Limiting yourself to this analyses would dismiss many factors that led
to the quiescence of the mountain people, and would prevent a deeper
understanding of this case. Using Luke’s second dimension of power, the non-
challenge to the land-takeover would not be viewed as apathy on the part of the
ordinary people but as the result of unobservable forces and covert conflict
working to prevent their expression of scepticism and dispute.

This would support the view that within the political organizations of
Middlesborough there was a “mobilization of bias”. When distribution of the
land was decided by the court, it most often went to the highest bidder. The
Company held obvious power in its economic advantage leaving no doubt to anyone,
including the courts, who would win out. By basing ownership rights on economic
capabilities, challenge on behalf of the mountaineers was made scarce and
considered a futile effort. In this way the issue of Company ownership was
‘organized in’ and the people’s land claims were ‘organized out’.

The second dimension therefore recognizes elite accommodation occurring
in a system which pluralists claim to be ‘open’. It is viewed as a system where
inequalities are created and maintained by allowing the dominant class to
determine the decision-making agenda, therefore establishing the quiescence of
the subordinated.

The first dimension assumes that lack of overt conflict means the
consensus of the mountaineers to their land loss, and the second would have
assumed consensus if there were no observable overt or covert conflict, but
still another dimension is essential to get to the actual root of consensus.

The third dimension considers the possibility of latent conflict where the
people’s wants and beliefs are unkowingly shaped to establish a consensus to
that which is contrary to their interests, but not recognized as such.

The Middlesborough workers developed no consciousness that saw
themselves as being exploited.

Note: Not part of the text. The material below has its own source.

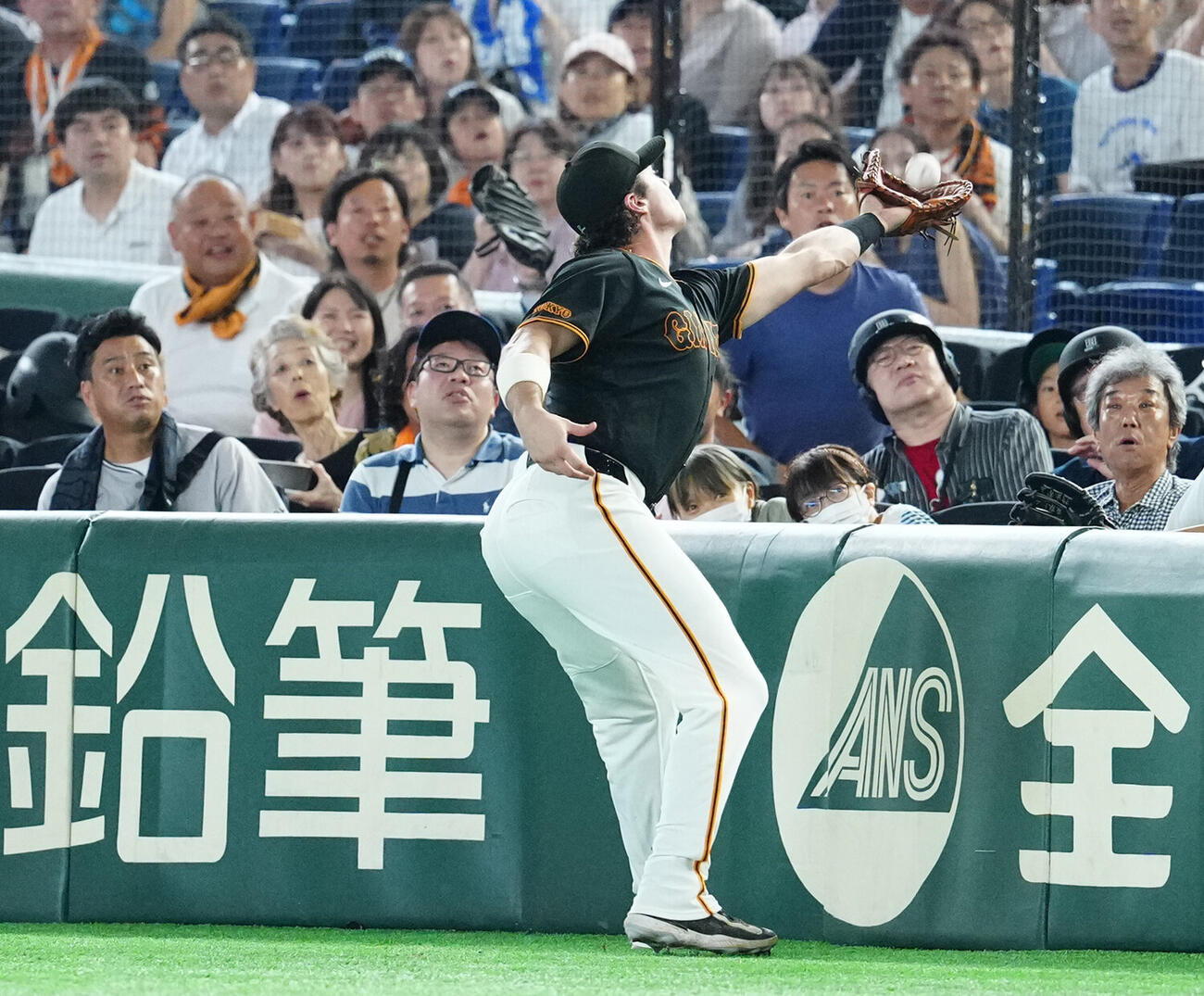 巨人対中日　3回表中日無死、邪飛となった福永裕基の打球を捕球する一塁手ボビー・ダルベック（撮影・江口和貴）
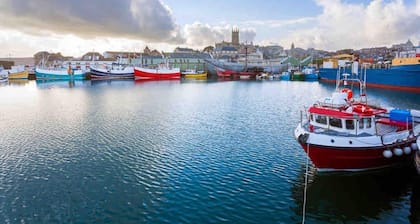 Stunning Town Centre Penthouse w Sea Views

The authority presented to them by the multi-
million dollar enterprise of the American Association Ltd., of London was
accepted as an overwhelming but legitimate power structure not to be questioned.

In the case of authority, “B complies because he recognizes that A’s command is
reasonable in terms of his own values and because it has been arrived at through
a legitimate and reasonable procedure”(Lukes,1974:18). The people complied
because the Association was put forward as an enterprise which valued harmony,
as they did, and would compensate them financially for the land.

Manipulation, however, was the key in convincing the mountaineers of the
Association’s legitimacy. The people were payed far too little for what the
land was worth. They were deprived of reaping future benefits because the
Company neglected to inform them of its true value and their aim to gain
millions in profits. Instead they focused only on the irrelevant matter of what
insignificant sum of money would satisfy the people into giving up their land
which was, at the time, of no real apparent value.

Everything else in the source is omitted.